*What is needed:*
A stretch of the entries below is to be set down exactly, running from the line with "Lit Marker growlog" through the line with "Andrews正常he的六项标准课件.ppt_第2页", both included, and no other line.

*Given records:*
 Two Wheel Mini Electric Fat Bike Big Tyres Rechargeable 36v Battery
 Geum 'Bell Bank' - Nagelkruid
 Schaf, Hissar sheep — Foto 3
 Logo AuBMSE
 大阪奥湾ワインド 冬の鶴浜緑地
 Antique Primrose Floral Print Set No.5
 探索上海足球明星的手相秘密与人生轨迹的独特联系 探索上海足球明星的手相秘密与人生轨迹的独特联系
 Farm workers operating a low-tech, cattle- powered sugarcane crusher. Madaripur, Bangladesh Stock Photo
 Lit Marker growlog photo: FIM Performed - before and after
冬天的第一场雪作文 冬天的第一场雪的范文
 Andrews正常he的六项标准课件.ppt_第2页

---

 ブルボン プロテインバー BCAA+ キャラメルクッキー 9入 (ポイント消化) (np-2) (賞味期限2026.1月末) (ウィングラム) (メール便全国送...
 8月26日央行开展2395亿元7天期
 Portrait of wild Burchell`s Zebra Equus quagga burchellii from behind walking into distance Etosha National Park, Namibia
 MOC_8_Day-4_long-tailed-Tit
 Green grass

---

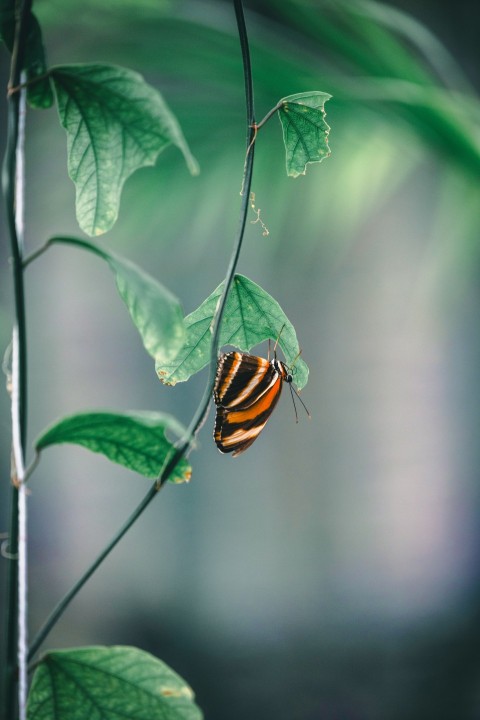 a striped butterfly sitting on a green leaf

*Exercise result:*
 Lit Marker growlog photo: FIM Performed - before and after
冬天的第一场雪作文 冬天的第一场雪的范文
 Andrews正常he的六项标准课件.ppt_第2页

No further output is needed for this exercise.